* DATASET SECTION
____________________
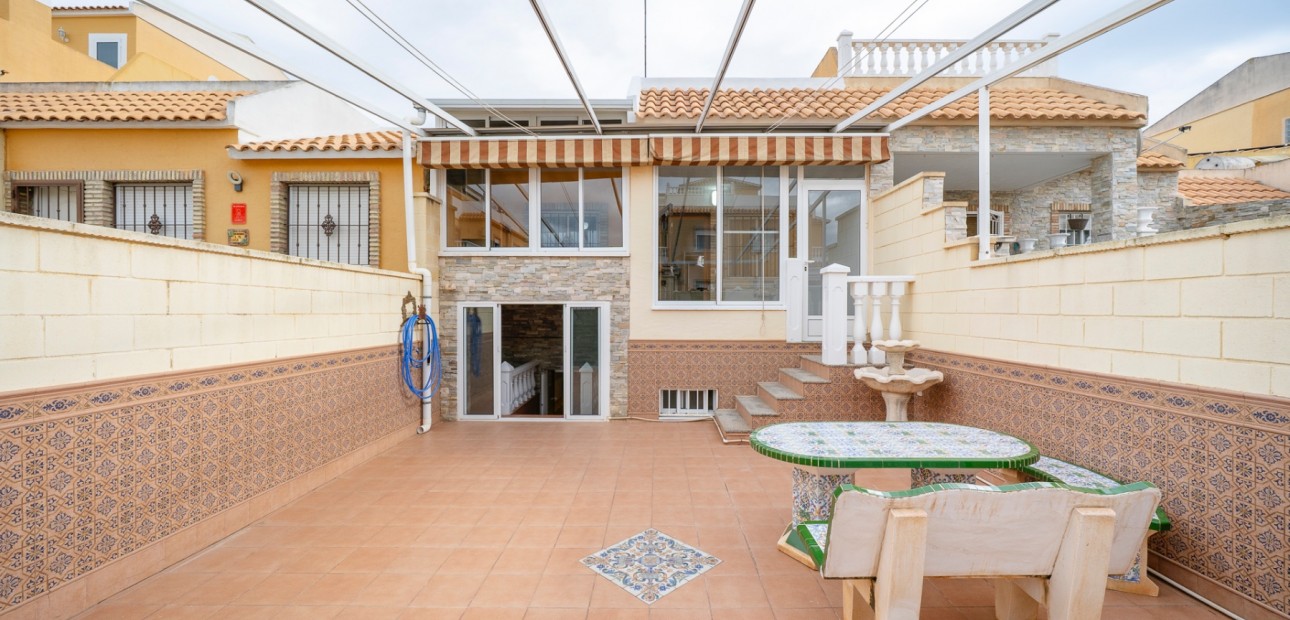 Venta - Adosado -
Ciudad Quesada - Doña Pepa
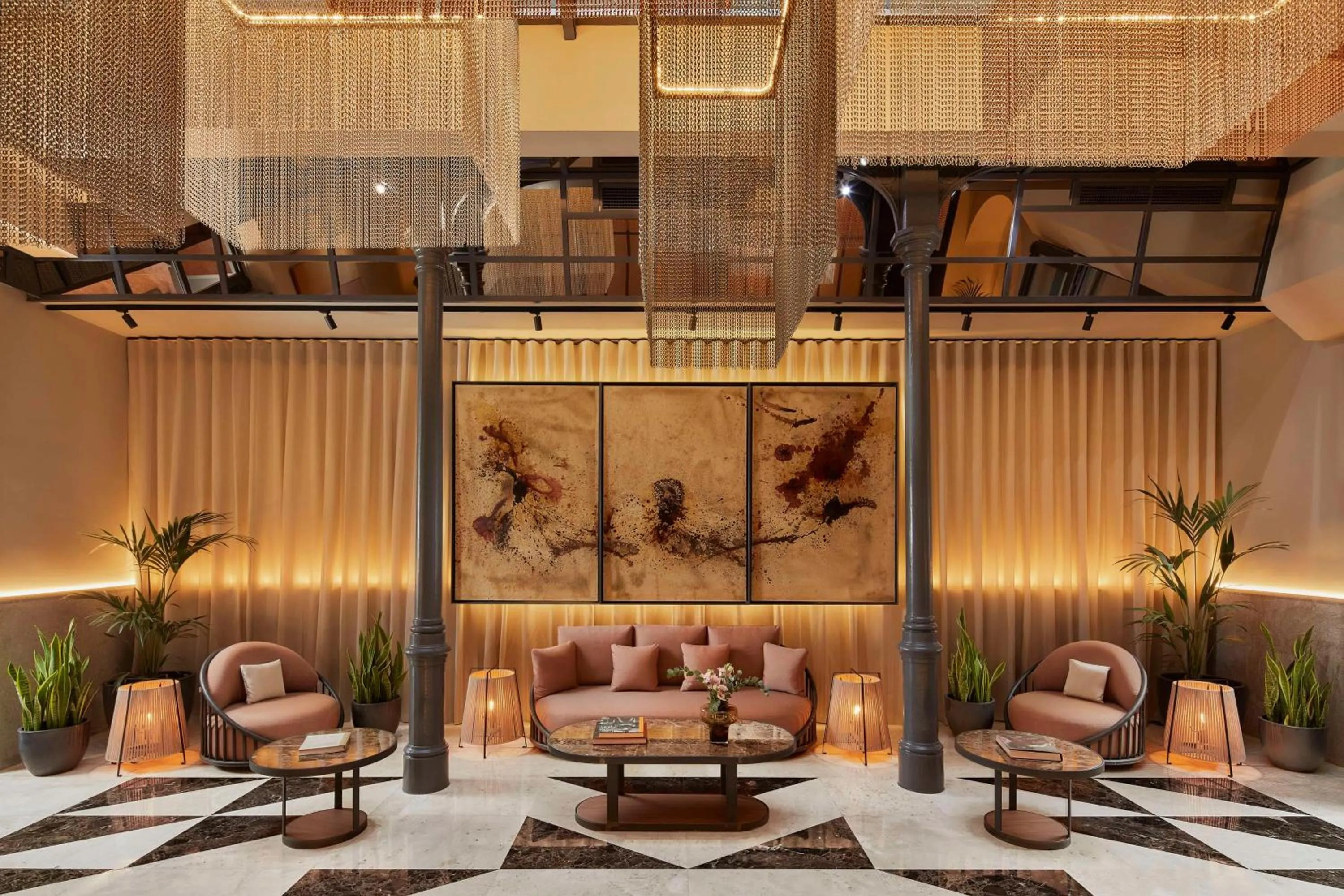 Lobby or reception in NH Collection Madrid Palacio de Tepa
____________________
* DESCRIPTION OF THE TASK
Whenever images occur above, omit them and retype each line exactly as it stands.

* SOLUTION
 Venta - Adosado -
Ciudad Quesada - Doña Pepa
 Lobby or reception in NH Collection Madrid Palacio de Tepa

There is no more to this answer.